▶ _Supplied data_:
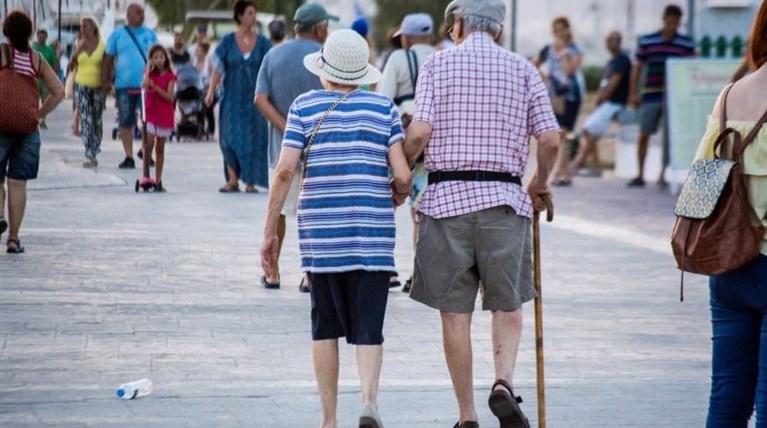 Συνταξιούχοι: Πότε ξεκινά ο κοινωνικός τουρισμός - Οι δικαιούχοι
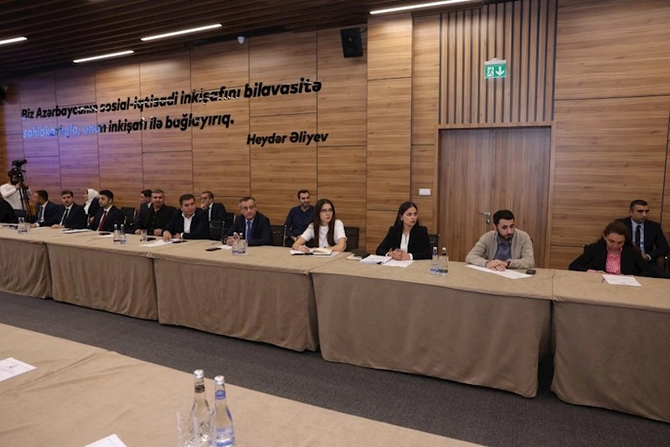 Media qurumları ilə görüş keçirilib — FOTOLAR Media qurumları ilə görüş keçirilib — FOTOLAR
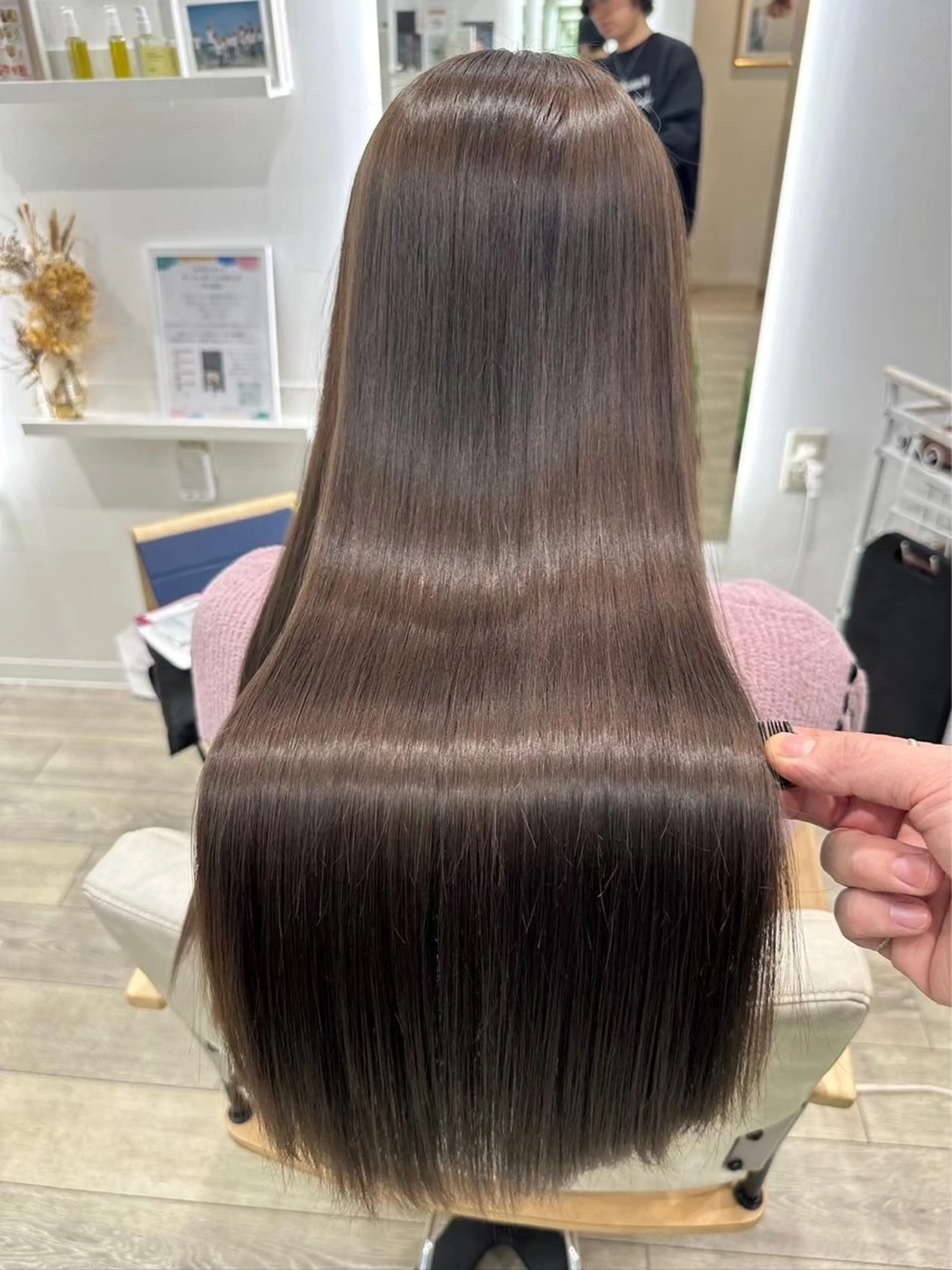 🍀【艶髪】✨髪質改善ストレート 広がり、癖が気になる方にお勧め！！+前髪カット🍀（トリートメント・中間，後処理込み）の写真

▶ _Directions for this task_:
Everything in the listing must be restated word for word, except for the pictures.

▶ _Answer space_:
 Συνταξιούχοι: Πότε ξεκινά ο κοινωνικός τουρισμός - Οι δικαιούχοι
 Media qurumları ilə görüş keçirilib — FOTOLAR Media qurumları ilə görüş keçirilib — FOTOLAR
 🍀【艶髪】✨髪質改善ストレート 広がり、癖が気になる方にお勧め！！+前髪カット🍀（トリートメント・中間，後処理込み）の写真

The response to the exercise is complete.